Is your story a puzzle or an explosion?
The thrill of finding the right place for each piece, a weekend retreat by the lake, and the undeniable link between movement and creativity.
When I was an MFA student, I took a year-long novel writing workshop. One day, the professor shared a theory about structure. (I don’t know if this was his personal theory, but I can’t find it anywhere else, so let’s assume it’s an original.)
“Some stories,” he said, “are an explosion. Others are a puzzle.”
Newer writers, undergrad students, me during a first draft—these situations are ripe for explosions. An idea takes hold, usually sparked by a catastrophe, and the story unfolds from there. Catastrophes can be a fine place to start. My own novel-in-progress begins in the midst of a hurricane, with a tree crashing through the main character’s roof.

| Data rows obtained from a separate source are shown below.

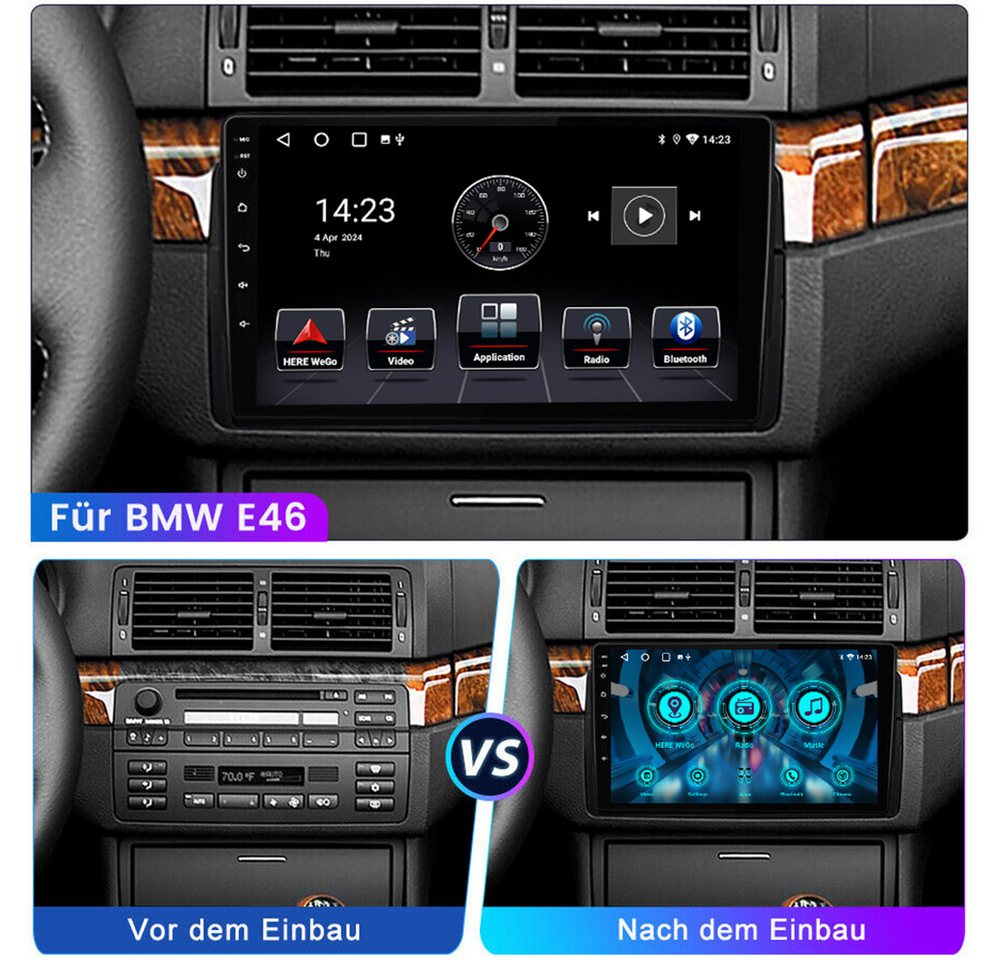 ESSGOO 64G DAB+ Android15 Autoradio 2 din für BMW 3er E46 1998–06 CarPlay GPS Autoradio (RDS, 4+128GB(optional), 4+64GB(optional), Digitalradio (DAB), FM, GPS, SWC, Carplay Android Auto Bluetooth EQ USB GPS Navi WIFI Touchscreen) Bild 4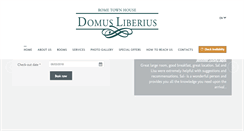 Desktop Screenshot of domusliberiusroma.com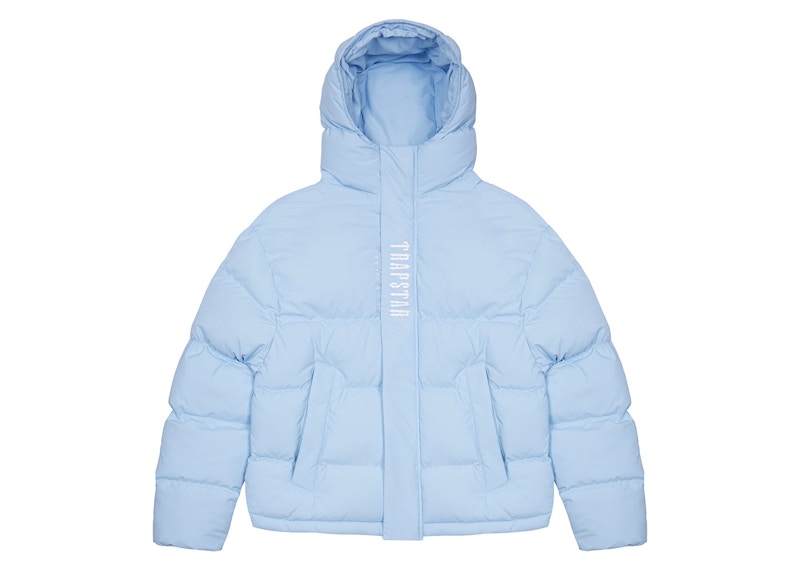 Trapstar Decoded Hooded Puffer 2.0 Ice Blue - FW22 Men's - US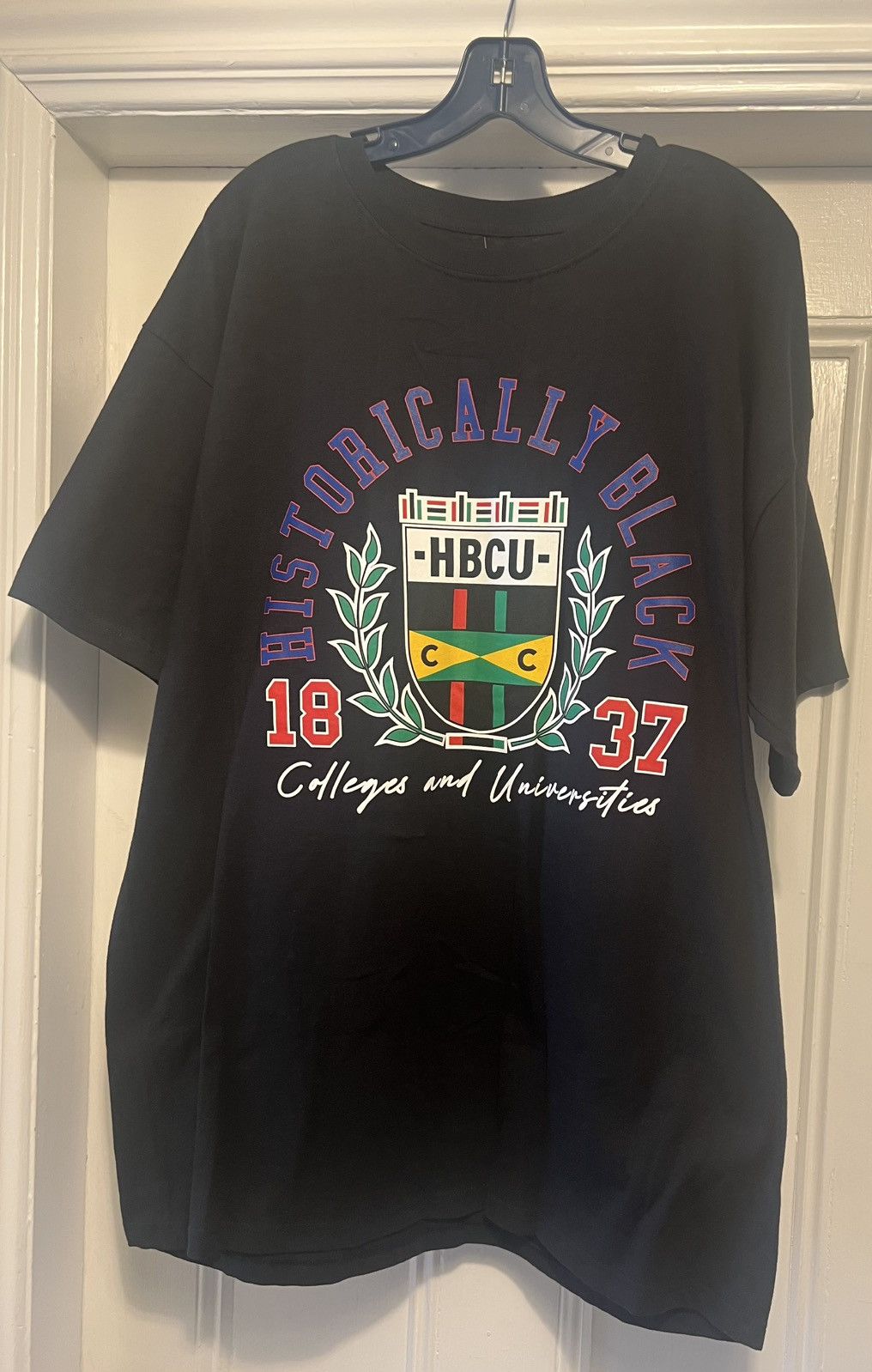 Cross Colours Authentic Cross Colours HBCU 1837 tee t-shirt black XL Size US XL / EU 56 / 4 - 1 Thumbnail
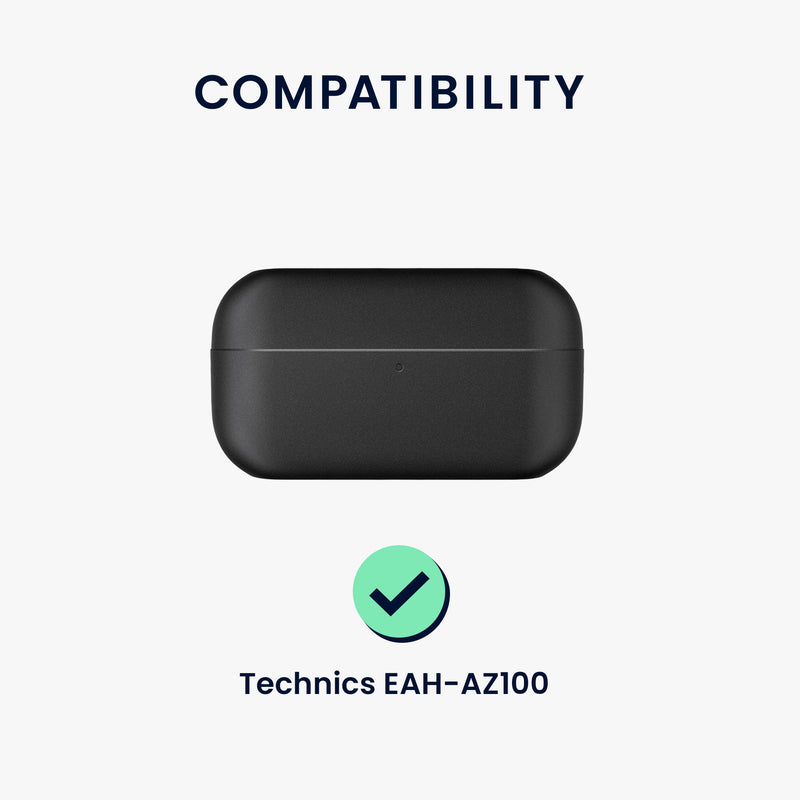 kwmobile Case Compatible with Technics EAH-AZ100 Headphones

But the thing that makes a story great, that transforms a plot into art, is the moment after the explosion, when the dust has settled and the characters emerge from the rubble, ready to pick up the pieces.
When you start a new puzzle, you know what the end result is supposed to look like. But how do you get there? Do you start with the border, searching for those flat-edged pieces? Does a certain color jump out at you—black and white polka dots, maybe a bold red? Or do you look at the shape of each piece, hunting for pairs and finding soulmates? No matter your strategy, patterns and pieces start to emerge. The final image begins to make sense.
When I was writing the first few drafts of my book, I wasn’t entirely sure how or if the story would come together. Now, multiple revisions in, I know the characters, the twists and turns, how things will end. I have all the pieces, but to create suspense and momentum and intrigue, to make the story great, I need to figure out where each piece belongs.
I mean this literally. Last month, I started working on my draft again, armed with the advice to lean more toward literary thriller. I started by deleting all the chapter headings, leaving one giant, 280-page document. Then, I named each scene, treating it as a piece of the puzzle rather than a moment set in stone. I combined scenes that were doing the same work, and moved others from the middle of the book to the beginning.
Because I already know the big picture, it’s easier to see how each scene moves the story forward, to know when to reveal information and where to leave clues. The process has been fun to move through—frustrating when I get stuck, gratifying when things fall into place. The puzzle isn’t finished, but the pieces are coming together. It’s a thrilling reveal.
This weekend, some of my friends and I rented a huge house about an hour from Wilmington, right on Lake Waccamaw, for a craft/creative retreat. We’ve spent the whole weekend sharing meals, working on a jigsaw puzzle, writing our newsletters (maybe that was just me), reading books, hiking around the lake, practicing yoga, and working on various crafts, including embroidery, collage, knitting, and watercolors. It’s been a peaceful and restorative little getaway with some of my favorite people, and I hope it becomes an annual tradition!
My internet friend Allyson recently interviewed me about fitness, creativity, and movement for her Pilates blog. If you want to read all the reasons I love the YMCA, how I once ended in remedial gym, and why regular exercise makes me a better writer, head over to Allyson’s blog to check it out.
One of my themes for 2023—in addition to “Ritual”—is to have more fun. Apparently I’m not the only one. I enjoyed this NPR article about that precise topic. I’m also reading The Power of Fun: How to Feel Alive Again (dramatic title, I know) and really love the author’s definition of True Fun: the quintessential experience of pure joy that combined optimally the three experiences of playfulness, connection, and flow. More of this, please!
In Kara’s Friday newsletter, she mentioned trying to chill on “inputs” while working on some “outputs” and thus didn’t have as many links to share. Rather than search for a third recommendation, I’m going to focus on my outputs instead. Thanks, Kara!